▶ _EXERCISE AIM_
Pictures in the records below are skipped; the rest is copied exactly.

+++ INFORMATION GIVEN +++

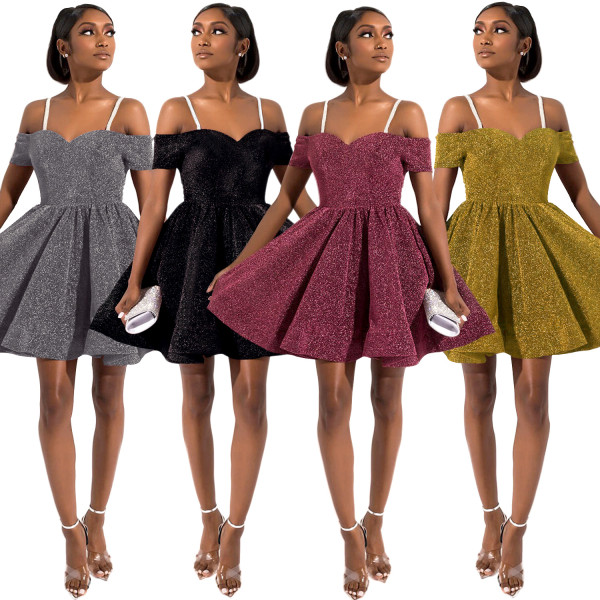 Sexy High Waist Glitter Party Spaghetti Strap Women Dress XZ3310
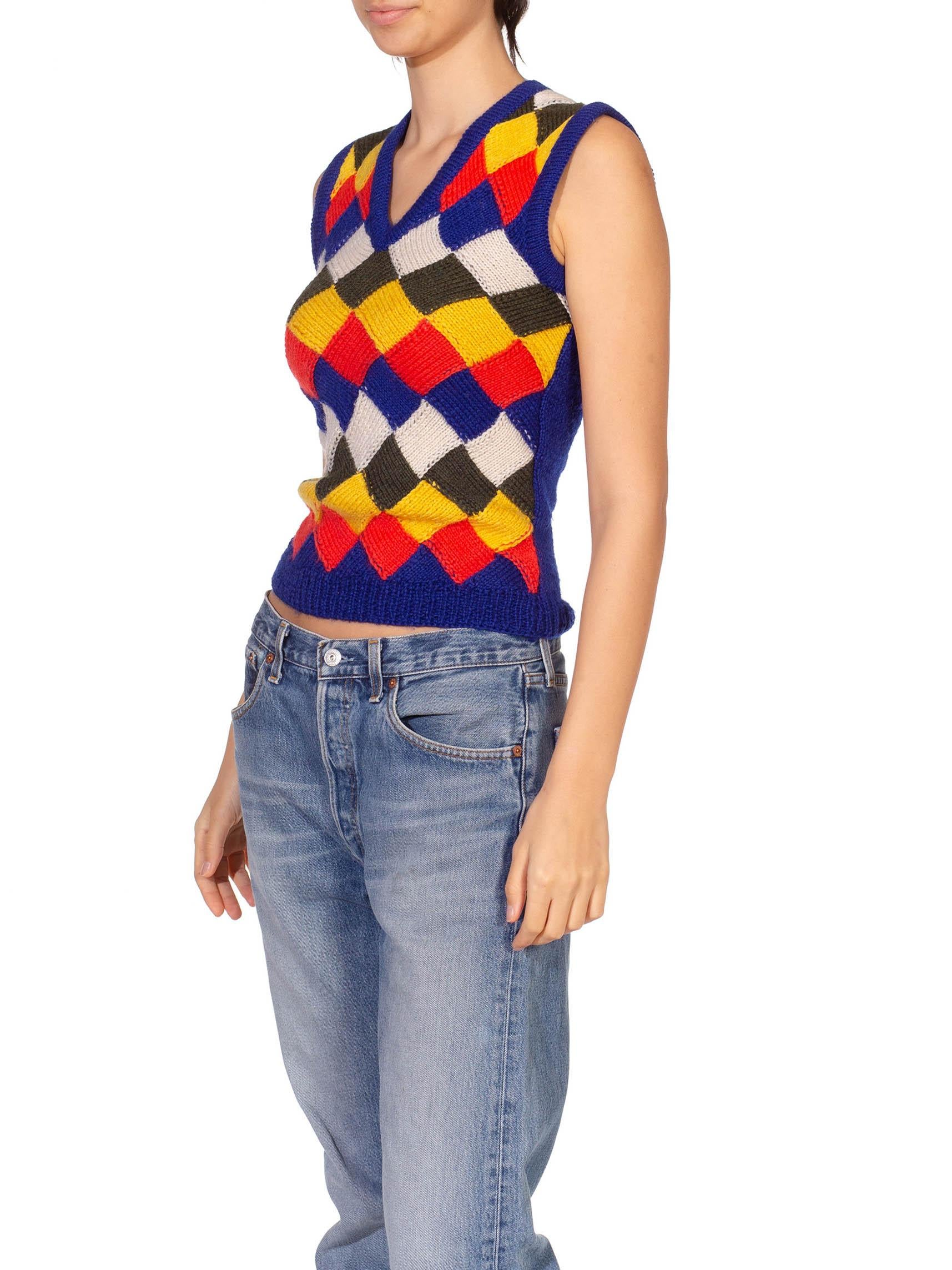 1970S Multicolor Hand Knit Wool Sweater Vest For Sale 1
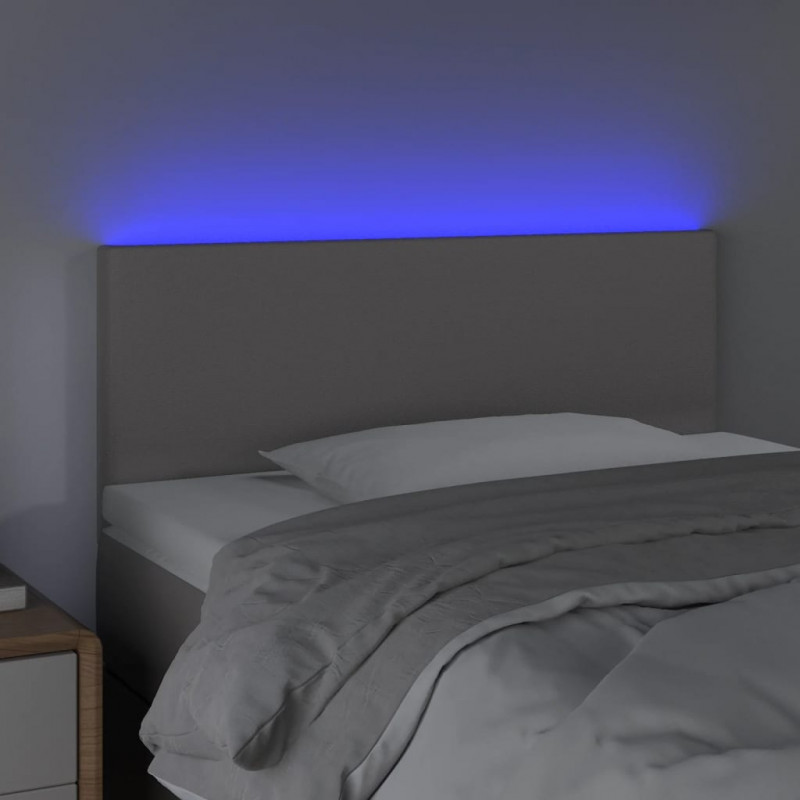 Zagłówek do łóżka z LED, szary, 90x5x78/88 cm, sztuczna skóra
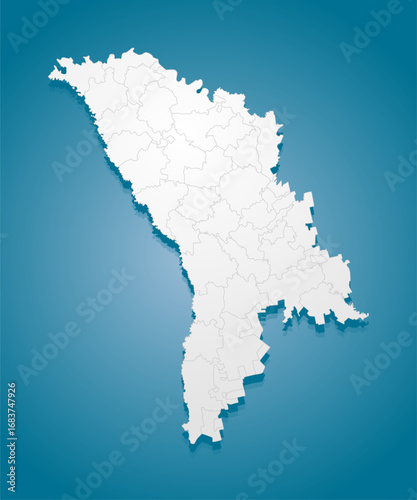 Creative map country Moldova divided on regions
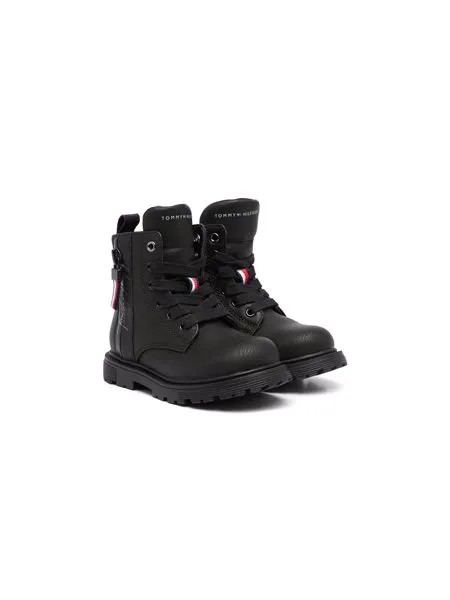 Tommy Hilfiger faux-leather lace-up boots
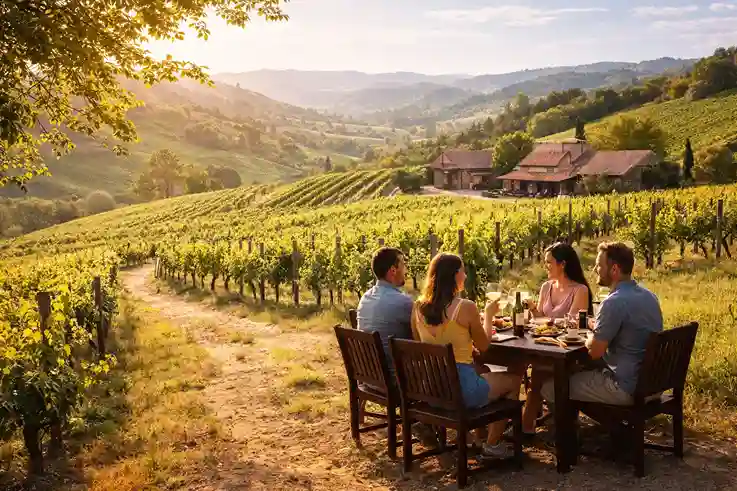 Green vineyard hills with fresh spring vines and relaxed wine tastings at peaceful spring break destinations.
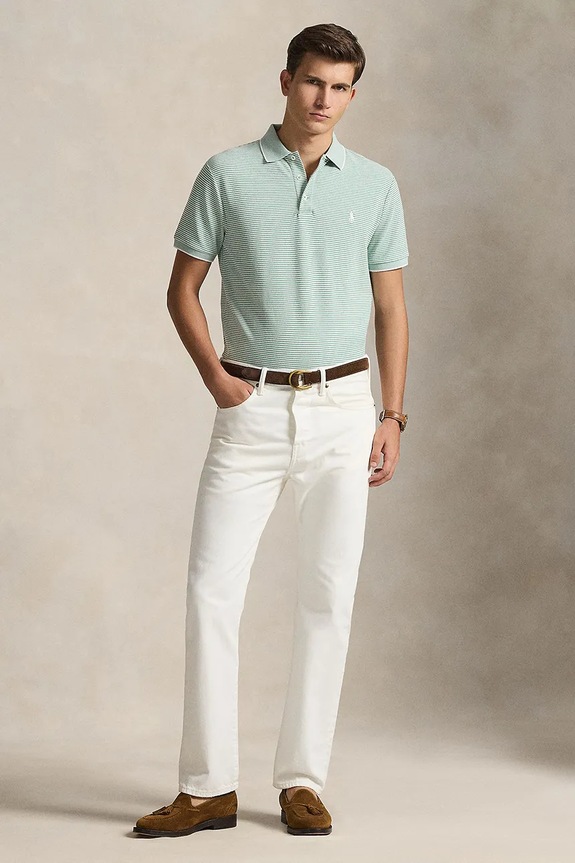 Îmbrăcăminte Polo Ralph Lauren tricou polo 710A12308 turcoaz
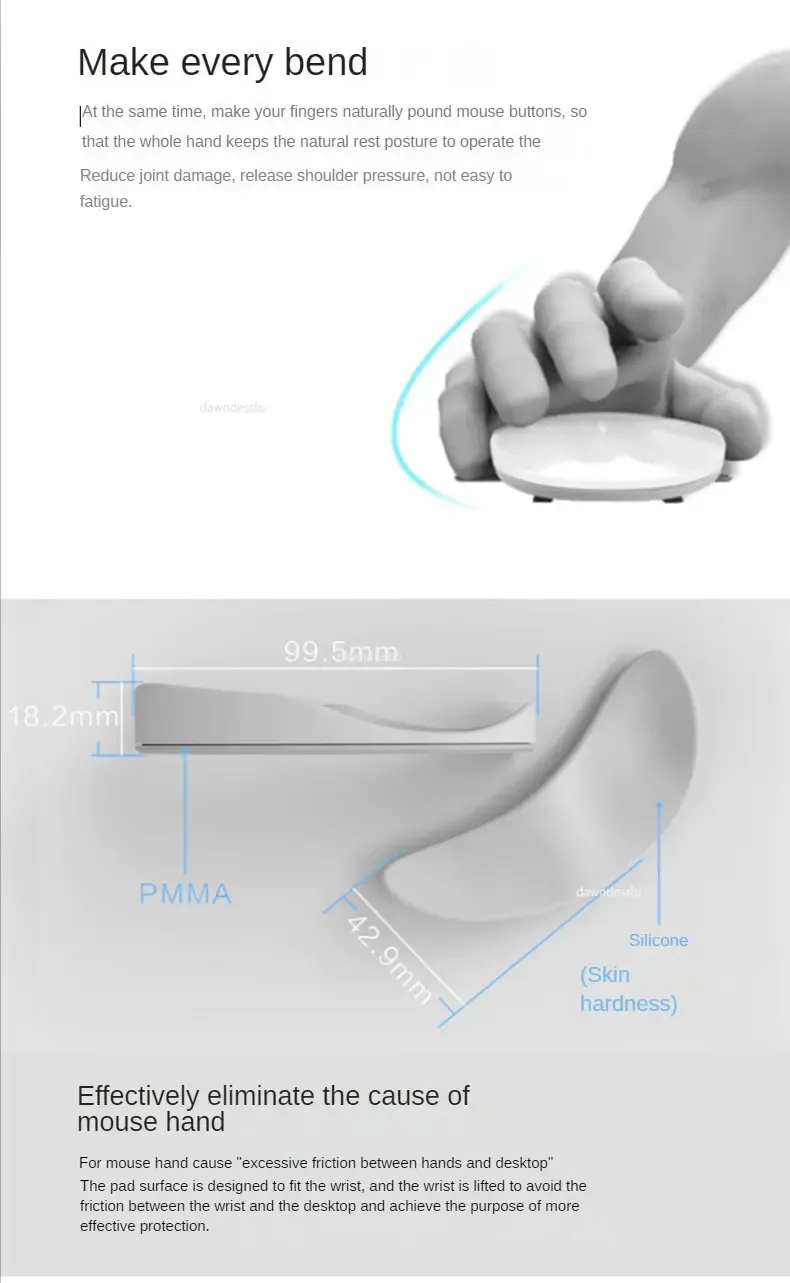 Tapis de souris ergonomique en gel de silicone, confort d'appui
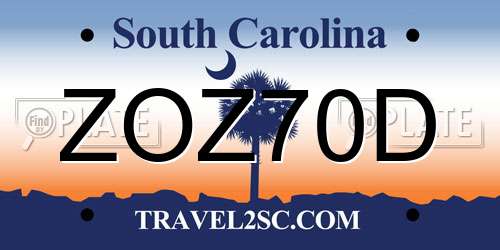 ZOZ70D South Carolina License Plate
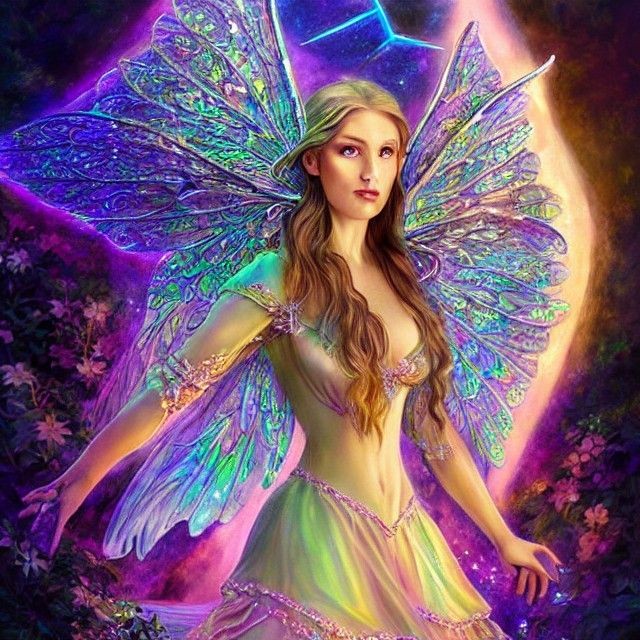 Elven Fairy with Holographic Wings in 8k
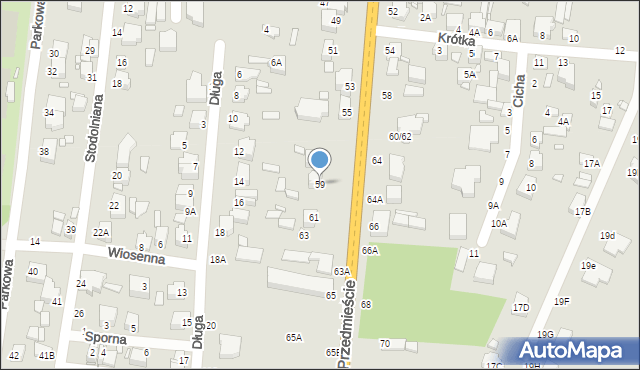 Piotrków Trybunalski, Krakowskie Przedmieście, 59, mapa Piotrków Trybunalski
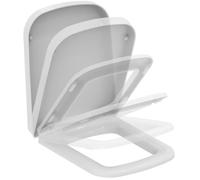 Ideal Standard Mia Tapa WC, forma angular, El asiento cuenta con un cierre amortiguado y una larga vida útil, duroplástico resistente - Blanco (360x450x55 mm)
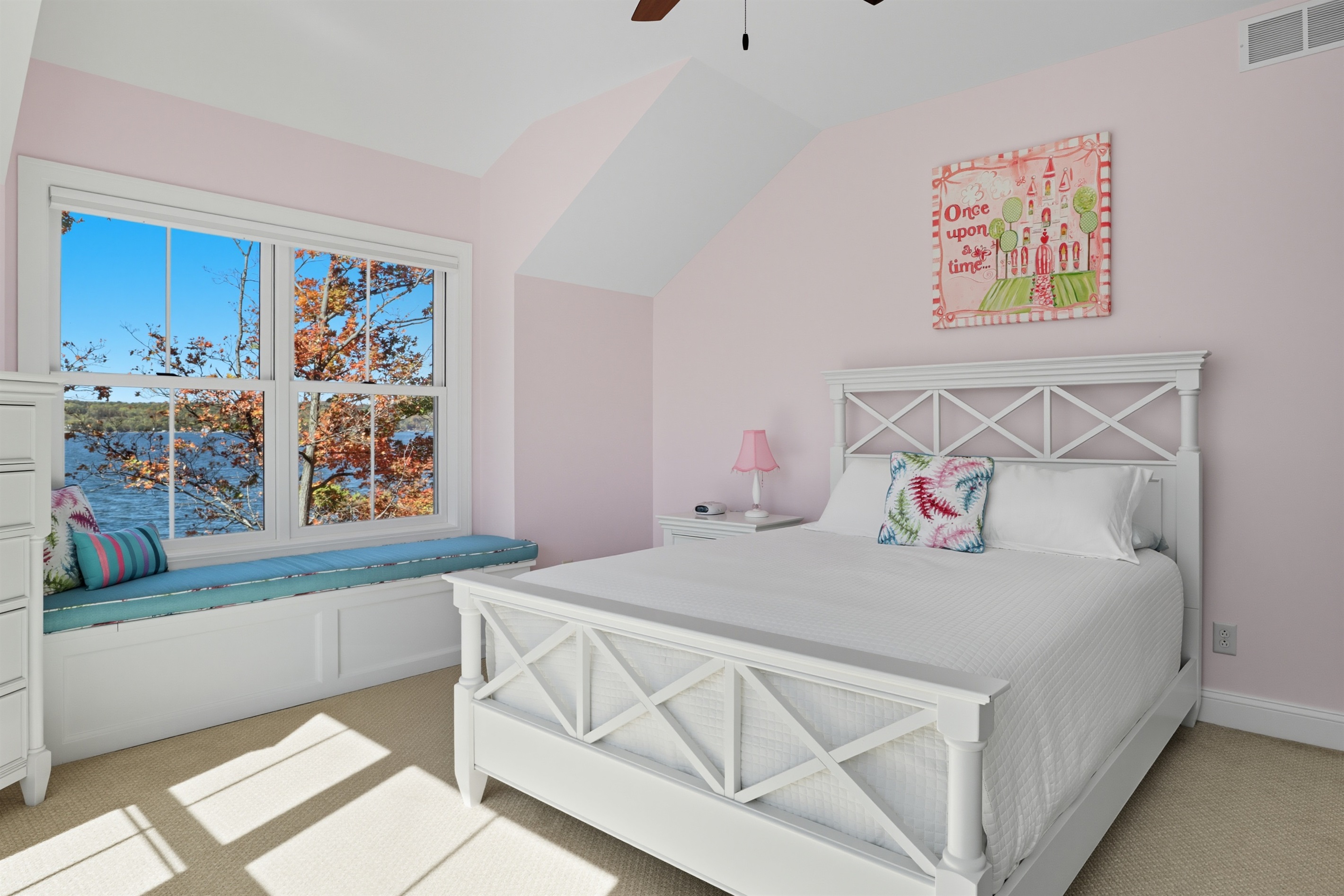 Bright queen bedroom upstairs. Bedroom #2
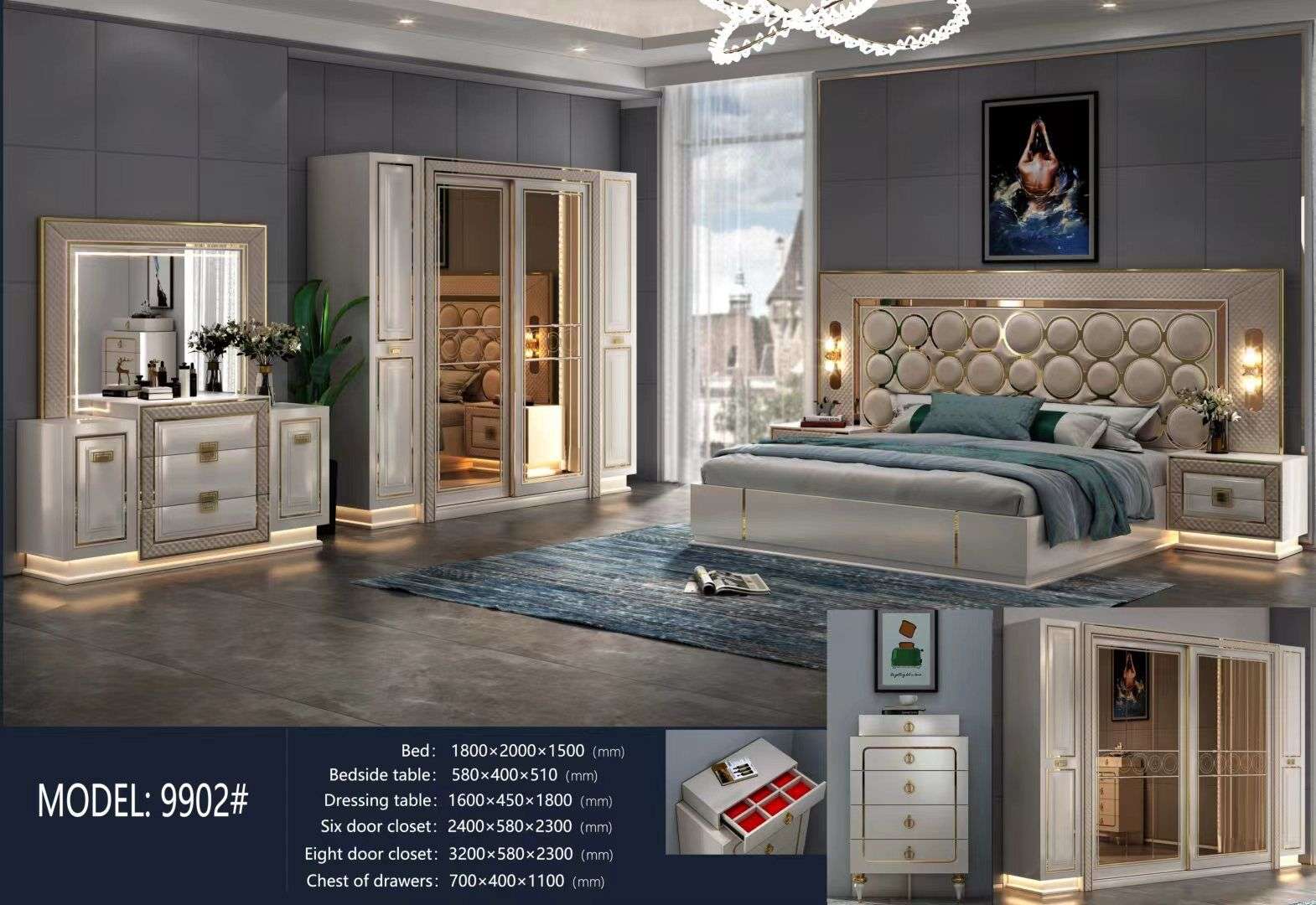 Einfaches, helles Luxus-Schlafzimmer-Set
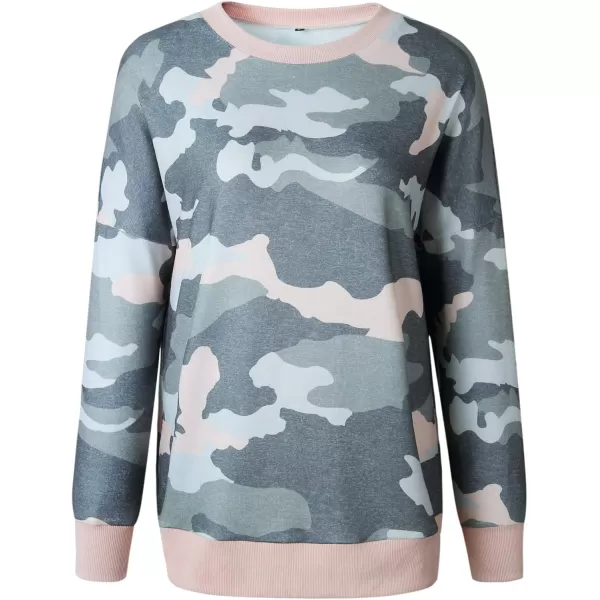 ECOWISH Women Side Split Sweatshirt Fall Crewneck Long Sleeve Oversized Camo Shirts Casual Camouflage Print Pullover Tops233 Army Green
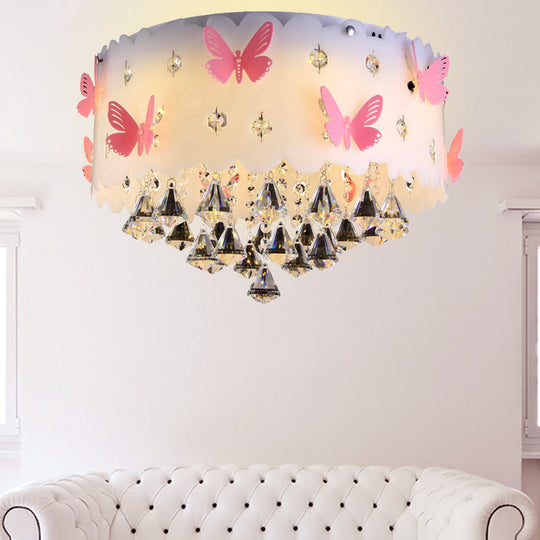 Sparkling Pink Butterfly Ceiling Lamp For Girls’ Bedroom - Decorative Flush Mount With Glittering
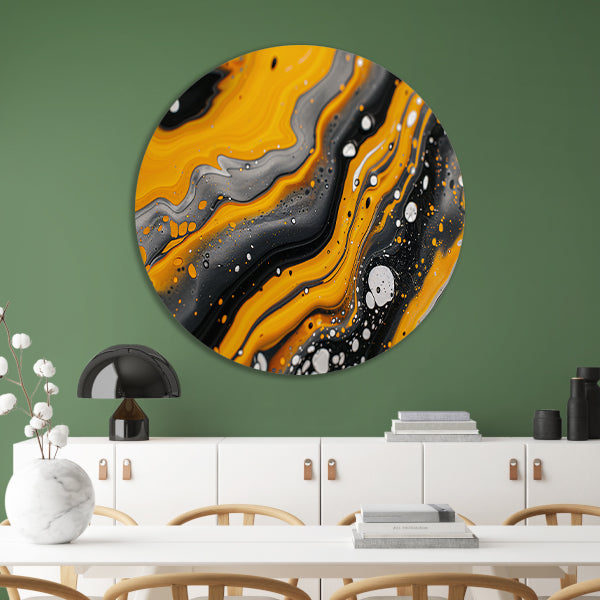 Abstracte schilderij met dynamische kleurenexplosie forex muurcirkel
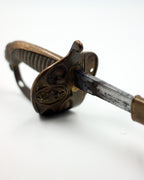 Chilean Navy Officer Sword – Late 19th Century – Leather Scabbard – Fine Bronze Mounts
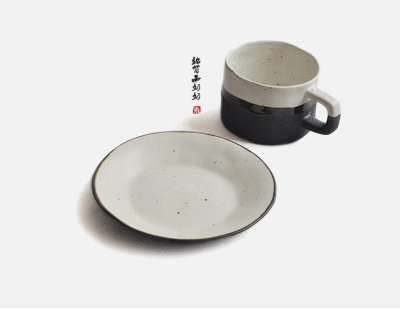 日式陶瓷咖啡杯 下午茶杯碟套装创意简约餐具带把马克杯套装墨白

+++

▶ _ANSWER SPACE_
 Sexy High Waist Glitter Party Spaghetti Strap Women Dress XZ3310
 1970S Multicolor Hand Knit Wool Sweater Vest For Sale 1
 Zagłówek do łóżka z LED, szary, 90x5x78/88 cm, sztuczna skóra
 Creative map country Moldova divided on regions
 Tommy Hilfiger faux-leather lace-up boots
 Green vineyard hills with fresh spring vines and relaxed wine tastings at peaceful spring break destinations.
 Îmbrăcăminte Polo Ralph Lauren tricou polo 710A12308 turcoaz
 Tapis de souris ergonomique en gel de silicone, confort d'appui
 ZOZ70D South Carolina License Plate
 Elven Fairy with Holographic Wings in 8k
 Piotrków Trybunalski, Krakowskie Przedmieście, 59, mapa Piotrków Trybunalski
 Ideal Standard Mia Tapa WC, forma angular, El asiento cuenta con un cierre amortiguado y una larga vida útil, duroplástico resistente - Blanco (360x450x55 mm)
 Bright queen bedroom upstairs. Bedroom #2
 Einfaches, helles Luxus-Schlafzimmer-Set
 ECOWISH Women Side Split Sweatshirt Fall Crewneck Long Sleeve Oversized Camo Shirts Casual Camouflage Print Pullover Tops233 Army Green
 Sparkling Pink Butterfly Ceiling Lamp For Girls’ Bedroom - Decorative Flush Mount With Glittering
 Abstracte schilderij met dynamische kleurenexplosie forex muurcirkel
 Chilean Navy Officer Sword – Late 19th Century – Leather Scabbard – Fine Bronze Mounts
 日式陶瓷咖啡杯 下午茶杯碟套装创意简约餐具带把马克杯套装墨白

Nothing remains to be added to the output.